--- Your assignment ---
Reproduce the whole listing that follows, character for character, and drop the images.

--- Input for this task ---
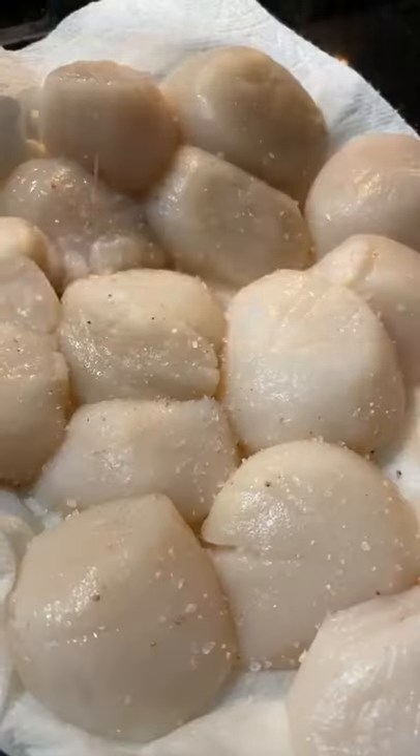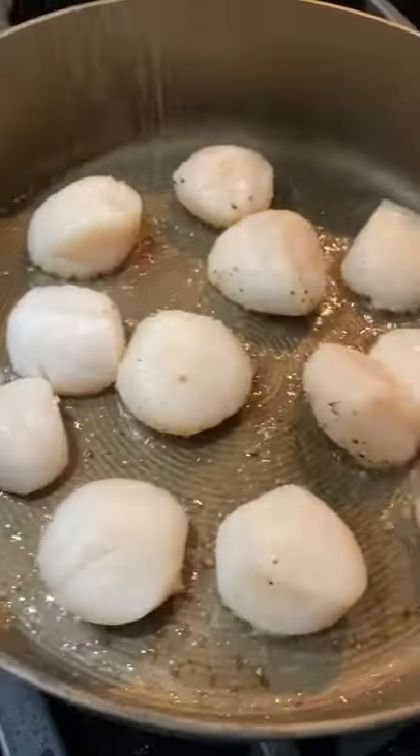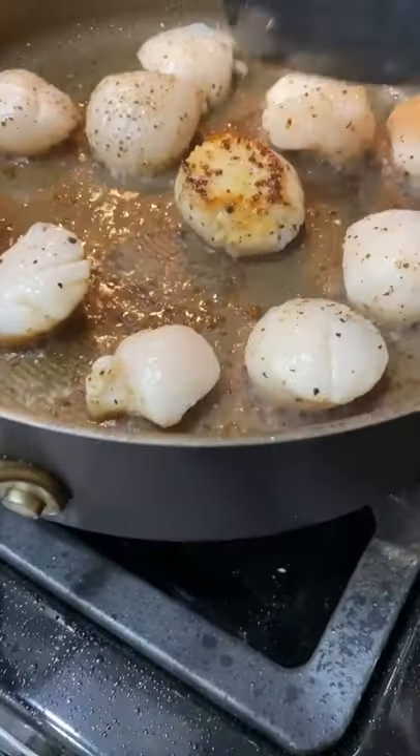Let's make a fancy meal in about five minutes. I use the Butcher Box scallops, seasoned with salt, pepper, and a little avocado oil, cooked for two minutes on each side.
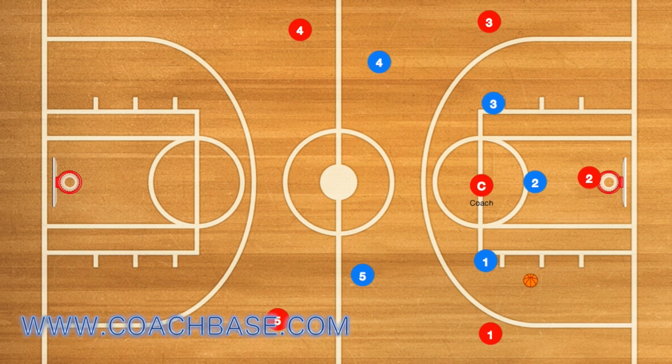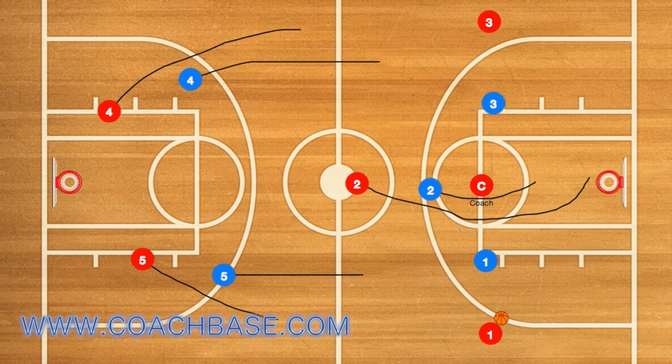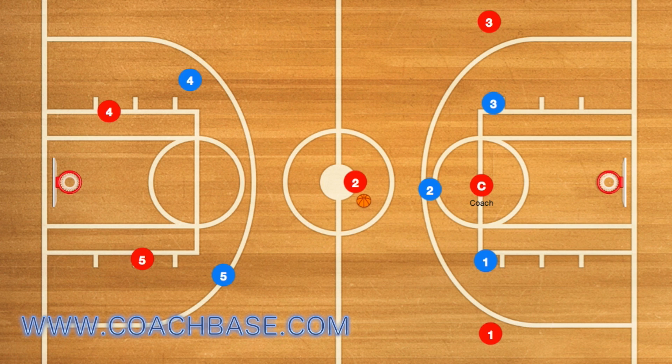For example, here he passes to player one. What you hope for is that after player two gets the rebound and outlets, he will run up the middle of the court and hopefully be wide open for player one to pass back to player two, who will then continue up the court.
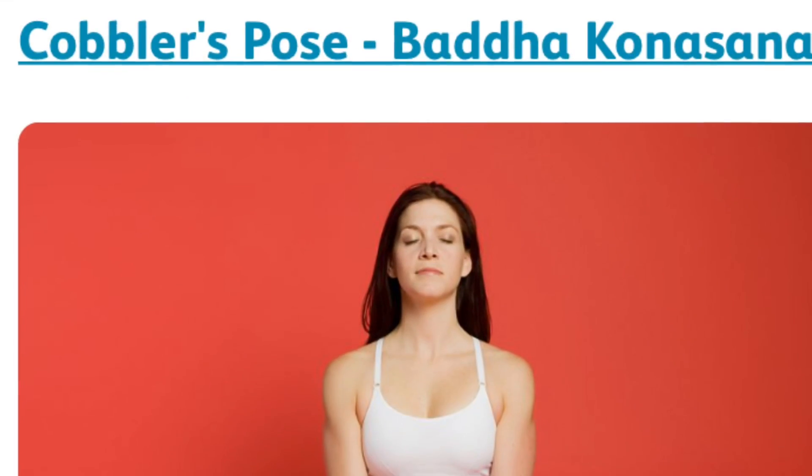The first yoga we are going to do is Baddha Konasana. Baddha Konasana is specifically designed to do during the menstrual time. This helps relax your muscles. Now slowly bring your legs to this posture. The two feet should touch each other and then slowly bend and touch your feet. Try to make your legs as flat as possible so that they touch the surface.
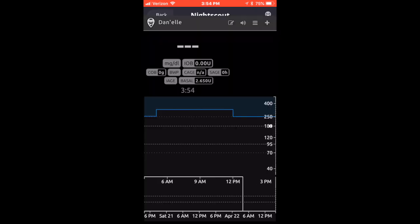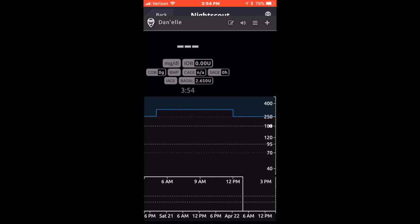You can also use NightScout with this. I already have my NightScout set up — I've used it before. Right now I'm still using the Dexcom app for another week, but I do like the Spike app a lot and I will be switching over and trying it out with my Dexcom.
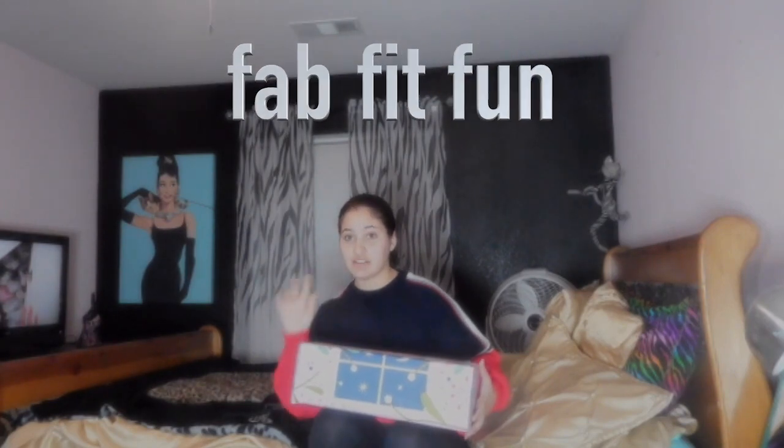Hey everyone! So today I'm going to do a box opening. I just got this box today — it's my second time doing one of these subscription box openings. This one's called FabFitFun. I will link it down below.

--- Task output ---
Let's make a fancy meal in about five minutes. I use the Butcher Box scallops, seasoned with salt, pepper, and a little avocado oil, cooked for two minutes on each side.
For example, here he passes to player one. What you hope for is that after player two gets the rebound and outlets, he will run up the middle of the court and hopefully be wide open for player one to pass back to player two, who will then continue up the court.
The first yoga we are going to do is Baddha Konasana. Baddha Konasana is specifically designed to do during the menstrual time. This helps relax your muscles. Now slowly bring your legs to this posture. The two feet should touch each other and then slowly bend and touch your feet. Try to make your legs as flat as possible so that they touch the surface.
You can also use NightScout with this. I already have my NightScout set up — I've used it before. Right now I'm still using the Dexcom app for another week, but I do like the Spike app a lot and I will be switching over and trying it out with my Dexcom.
Hey everyone! So today I'm going to do a box opening. I just got this box today — it's my second time doing one of these subscription box openings. This one's called FabFitFun. I will link it down below.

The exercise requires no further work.